**TASK DESCRIPTION**:
When you find the line with "960 Highland Street" among the records below, reproduce it and each line after it exactly, ending with the line with "Сидеров за гей".

(EXERCISE INPUT begins)

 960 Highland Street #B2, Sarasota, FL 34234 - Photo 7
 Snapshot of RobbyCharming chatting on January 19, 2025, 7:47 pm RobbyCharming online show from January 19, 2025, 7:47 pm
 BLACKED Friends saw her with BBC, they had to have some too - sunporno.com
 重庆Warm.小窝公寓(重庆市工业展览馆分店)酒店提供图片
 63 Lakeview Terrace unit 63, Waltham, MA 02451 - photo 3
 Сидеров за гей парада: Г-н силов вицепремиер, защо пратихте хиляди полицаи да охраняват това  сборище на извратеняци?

(EXERCISE INPUT ends)
(EXERCISE INPUT begins)

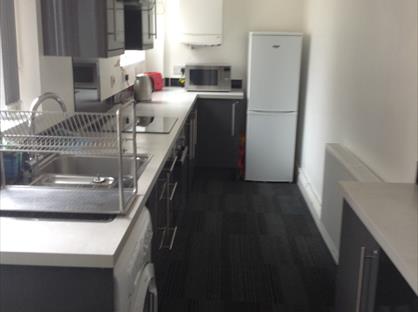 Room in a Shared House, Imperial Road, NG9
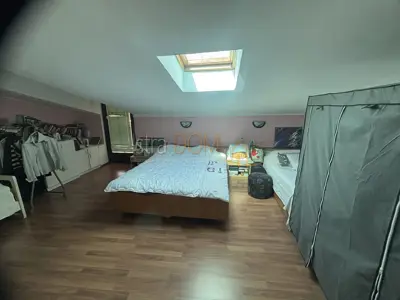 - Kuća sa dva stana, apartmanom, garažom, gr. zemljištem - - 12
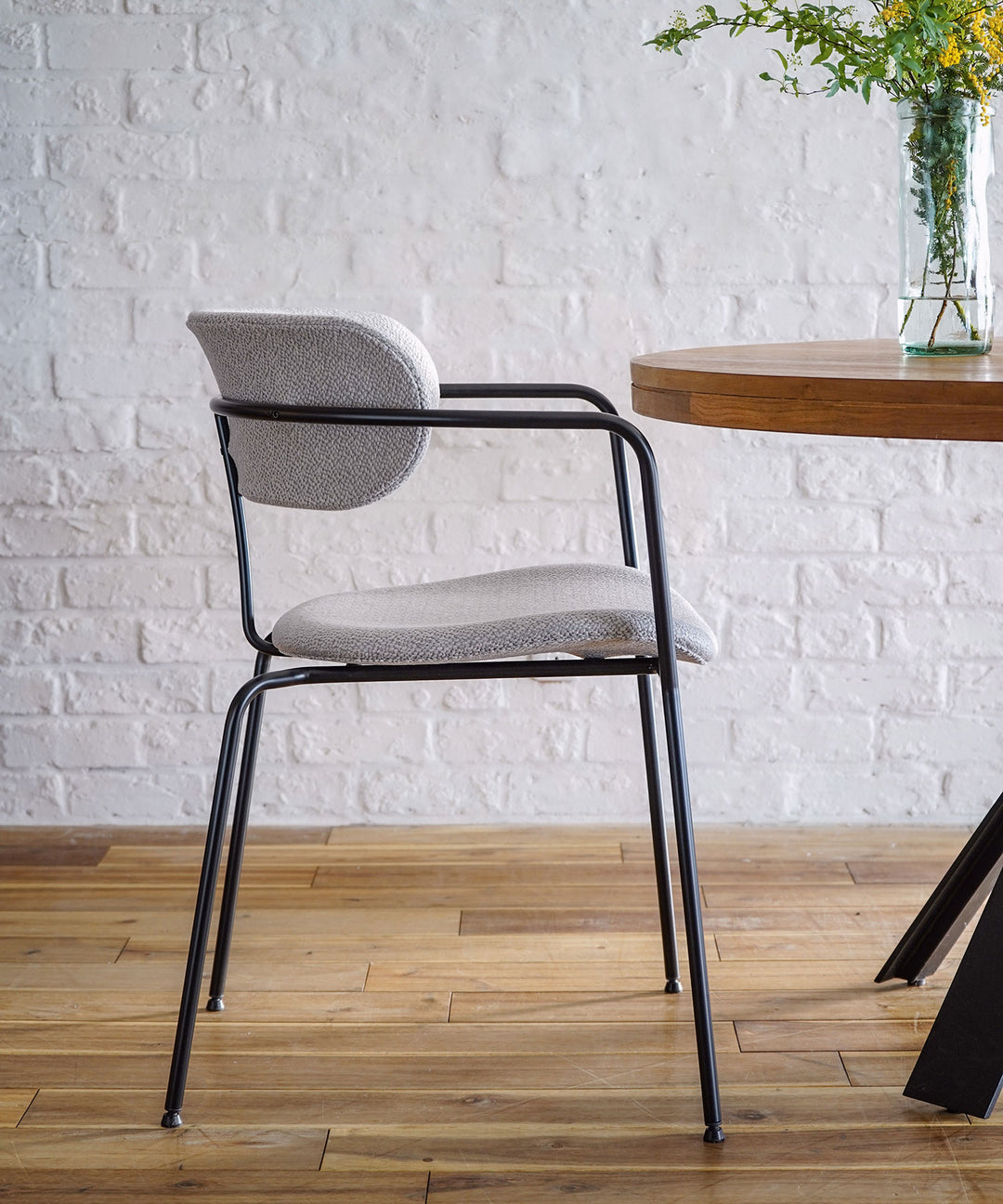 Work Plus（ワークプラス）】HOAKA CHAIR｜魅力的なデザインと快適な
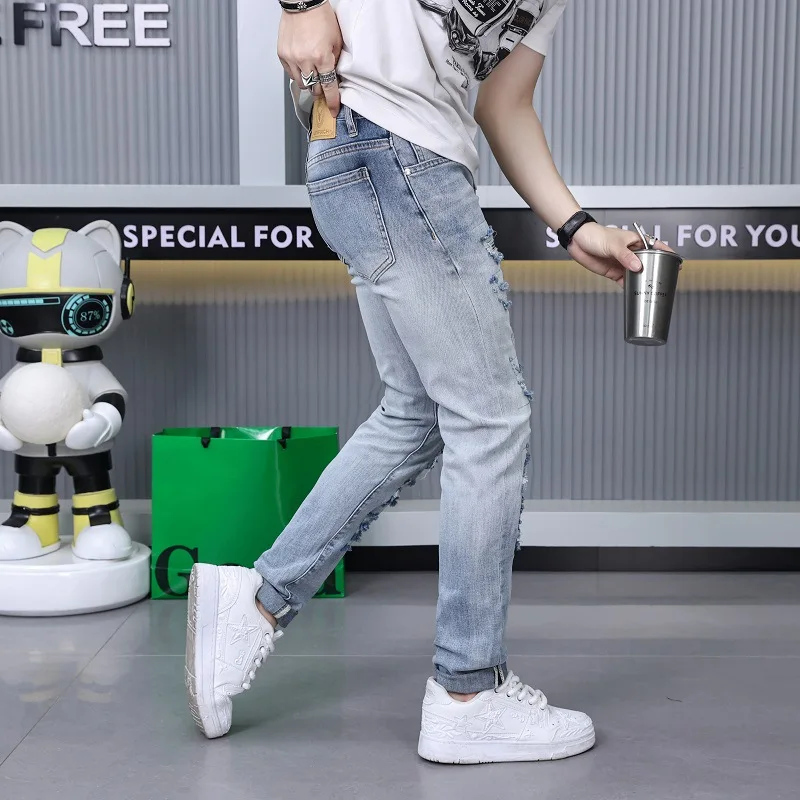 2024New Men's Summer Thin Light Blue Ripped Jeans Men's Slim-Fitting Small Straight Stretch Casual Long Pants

(EXERCISE INPUT ends)

**RESPONSE BOX**:
 960 Highland Street #B2, Sarasota, FL 34234 - Photo 7
 Snapshot of RobbyCharming chatting on January 19, 2025, 7:47 pm RobbyCharming online show from January 19, 2025, 7:47 pm
 BLACKED Friends saw her with BBC, they had to have some too - sunporno.com
 重庆Warm.小窝公寓(重庆市工业展览馆分店)酒店提供图片
 63 Lakeview Terrace unit 63, Waltham, MA 02451 - photo 3
 Сидеров за гей парада: Г-н силов вицепремиер, защо пратихте хиляди полицаи да охраняват това  сборище на извратеняци?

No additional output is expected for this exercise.